──────── Input data ────────

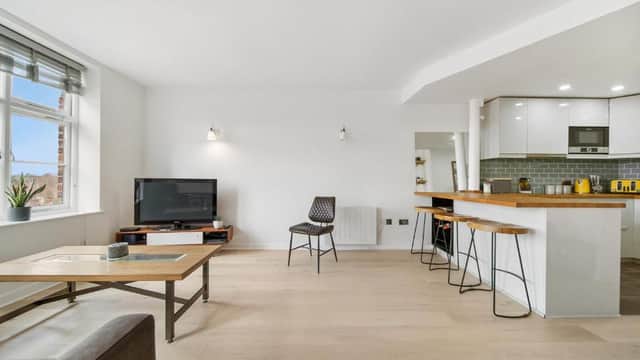 Accommodation at Pass the Keys Top floor apartment In Central York Free Parking in york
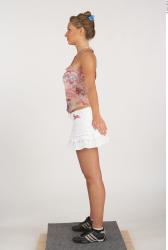 Whole Body Woman White Casual Slim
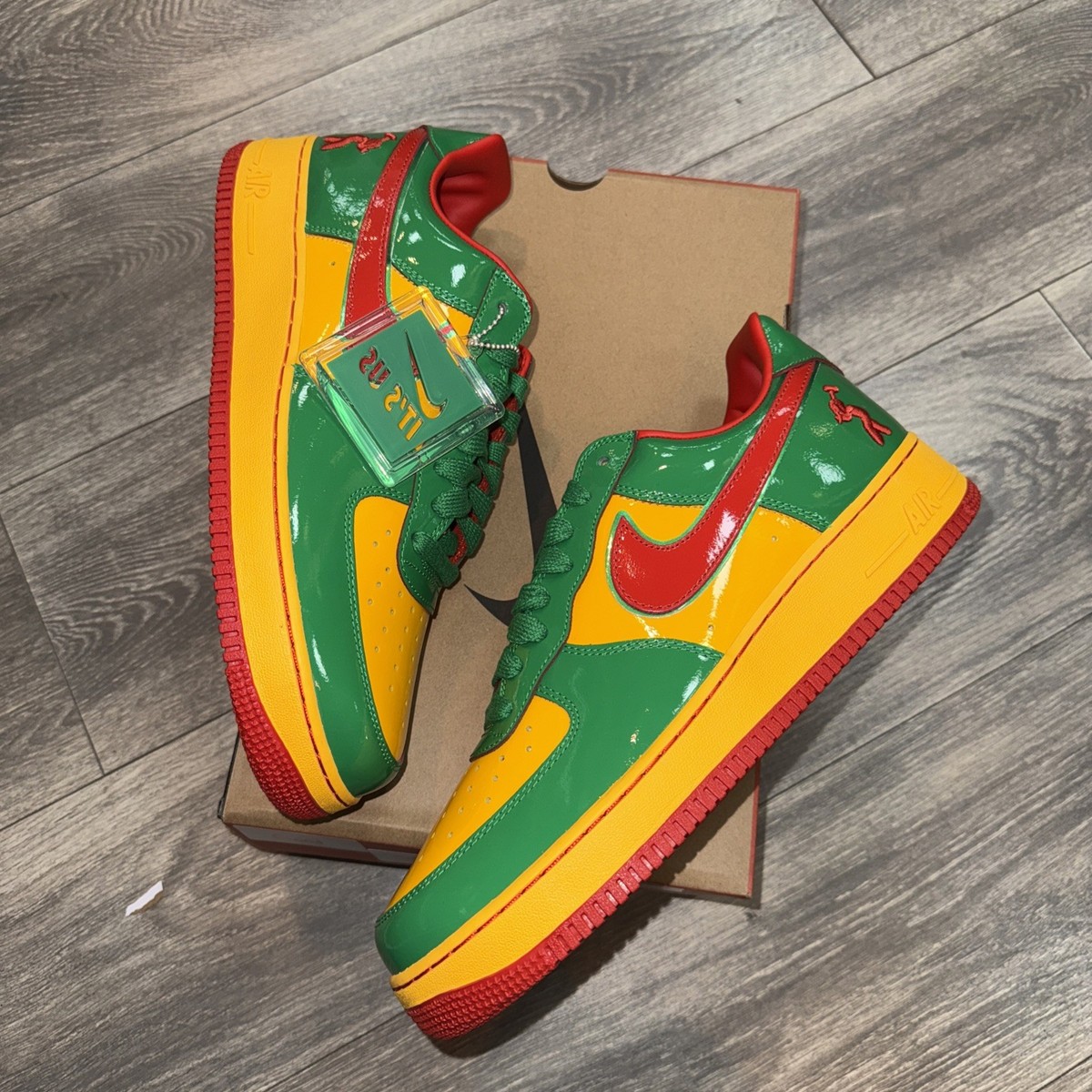 Size 12.5 - Nike Lil Yachty x Air Force 1 Low Concrete Boys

────────

### [Assigned task]
Word for word, restate the material above; do not carry over the pictures.

### [Answer to this problem]
 Accommodation at Pass the Keys Top floor apartment In Central York Free Parking in york
 Whole Body Woman White Casual Slim
 Size 12.5 - Nike Lil Yachty x Air Force 1 Low Concrete Boys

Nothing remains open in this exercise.